Grand Tutor (太傅)
- In office 557–568
- Monarch: Emperor Xiaomin/Emperor Ming/Emperor Wu of Northern Zhou

Personal details
- Born: 493 Luoyang, Henan
- Died: 23 March 568 Xi'an, Shaanxi
- Relations: Yu Hu (brother)
- Children: Yu Shi Yu Yí (于翼) Yu Yí (于義) Yu Yì (于儀) Yu Zhi Yu Shao Yu Bi Yu Lan Yu Kuang Two daughters
- Parent: Yu Ziti (father)
- Courtesy name: Sijing (思敬)
- Nicknames: Jumi (巨彌) Juyin (巨引)
- Xianbei name: Wuniuyu Jin (勿忸于謹)
- Peerage: Duke of Yan (燕國公)
- Posthumous name: Wen (文)

= Yu Jin (Northern dynasties) =

Western Wei general (493–568)

Yu Jin (493–5 May 568), courtesy name Sijing, nicknamed Jumi and Juyin, Xianbei name Wuniuyu Jin, was a military general of the Northern Wei, Western Wei and Northern Zhou dynasties during the Northern and Southern dynasties period. During the fall of the Northern Wei, he came to prominence for his role in defeating the rebel, Poliuhan Baling and participated in several campaigns against other rebel groups and border defences. Following the defeat of the Erzhu clan to Gao Huan, he attached himself to Yuwen Tai and proposed to him the idea of moving Emperor Xiaowu of Wei and the capital westward to the Guanzhong region.

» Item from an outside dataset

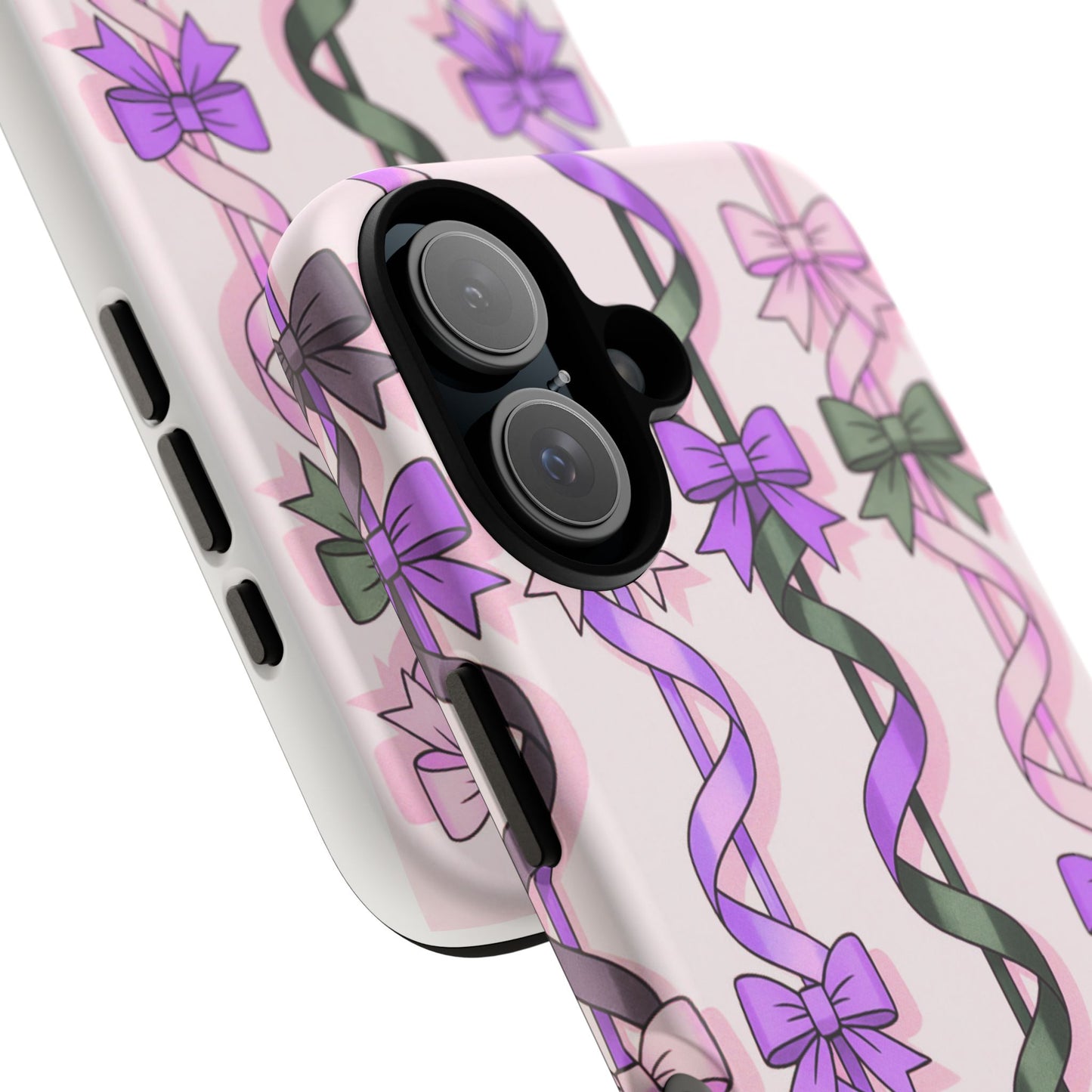 Phone Case — Purple Ribbon & Bow Cute Pattern Tough Case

After the empire was split into two, Yu Jin fought many battles for the Western Wei against the Eastern Wei, distinguishing himself enough to become one of the Eight Zhuguo (八柱國). In 554, he captured Emperor Yuan of the Liang dynasty at the Battle of Jiangling, installing Xiao Cha as puppet ruler of the Western Liang. Following the death of Yuwen Tai in 556, he became the primary supporter in Yuwen Hu's consolidation of the imperial regency. Even as he became less active in his old age, he remained one of the most respected individuals under the Northern Zhou due to his past contributions and seniority.

== Background ==
Yu Jin was born in the Northern Wei capital of Luoyang as the son of Yu Ziti (于子提), the Administrator of Longxi Commandery and the Count of Maoping County. In his youth, he was known for being reserved, knowledgeable and generous. He was fond of reading the classics and records, especially the Art of War, but chose to spend his early years as a hermit in his hometown with no interest in becoming an official. Responding to someone trying to encourage him, he said, "County and commandery-level officials were despised by the ancients. To become one of the Three Excellencies, one must wait for the right opportunity. Hence why I choose to enjoy life back in my county; simply to kill time."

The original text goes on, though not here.